> [Exercise brief]
Report each line from the entries in which "White" can be found.

Data entries
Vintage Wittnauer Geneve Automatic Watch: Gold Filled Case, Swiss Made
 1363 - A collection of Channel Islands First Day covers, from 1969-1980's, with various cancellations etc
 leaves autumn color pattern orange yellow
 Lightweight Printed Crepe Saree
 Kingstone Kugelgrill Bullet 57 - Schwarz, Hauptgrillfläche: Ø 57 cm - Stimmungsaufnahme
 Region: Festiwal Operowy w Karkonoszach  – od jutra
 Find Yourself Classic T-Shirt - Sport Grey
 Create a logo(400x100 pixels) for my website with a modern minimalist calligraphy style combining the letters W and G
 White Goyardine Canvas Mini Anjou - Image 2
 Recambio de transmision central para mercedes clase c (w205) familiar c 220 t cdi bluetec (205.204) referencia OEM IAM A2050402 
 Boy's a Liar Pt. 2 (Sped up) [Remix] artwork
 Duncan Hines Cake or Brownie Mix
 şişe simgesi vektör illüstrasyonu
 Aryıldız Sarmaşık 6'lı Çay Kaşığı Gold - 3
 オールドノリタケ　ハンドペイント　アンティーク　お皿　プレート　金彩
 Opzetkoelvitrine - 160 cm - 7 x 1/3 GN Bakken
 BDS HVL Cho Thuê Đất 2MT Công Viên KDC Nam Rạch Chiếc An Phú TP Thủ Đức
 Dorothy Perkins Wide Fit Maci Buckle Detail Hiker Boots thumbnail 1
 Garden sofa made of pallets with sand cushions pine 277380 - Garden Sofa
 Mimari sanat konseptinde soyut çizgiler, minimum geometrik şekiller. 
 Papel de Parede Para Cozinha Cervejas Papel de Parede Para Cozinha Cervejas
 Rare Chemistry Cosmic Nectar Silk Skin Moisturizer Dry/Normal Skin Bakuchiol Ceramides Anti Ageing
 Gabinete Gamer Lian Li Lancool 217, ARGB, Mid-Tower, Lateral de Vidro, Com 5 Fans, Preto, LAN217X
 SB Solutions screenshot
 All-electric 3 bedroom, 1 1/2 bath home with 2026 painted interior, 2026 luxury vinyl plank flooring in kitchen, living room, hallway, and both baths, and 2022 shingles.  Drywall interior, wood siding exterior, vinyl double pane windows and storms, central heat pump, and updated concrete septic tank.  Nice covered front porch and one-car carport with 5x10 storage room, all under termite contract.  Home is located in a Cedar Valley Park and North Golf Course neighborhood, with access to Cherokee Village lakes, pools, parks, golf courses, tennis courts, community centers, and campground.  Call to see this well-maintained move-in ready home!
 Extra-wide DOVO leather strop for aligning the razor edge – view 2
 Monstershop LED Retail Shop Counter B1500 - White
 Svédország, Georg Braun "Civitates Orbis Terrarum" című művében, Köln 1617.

> [Exercise answer]
 White Goyardine Canvas Mini Anjou - Image 2
 Monstershop LED Retail Shop Counter B1500 - White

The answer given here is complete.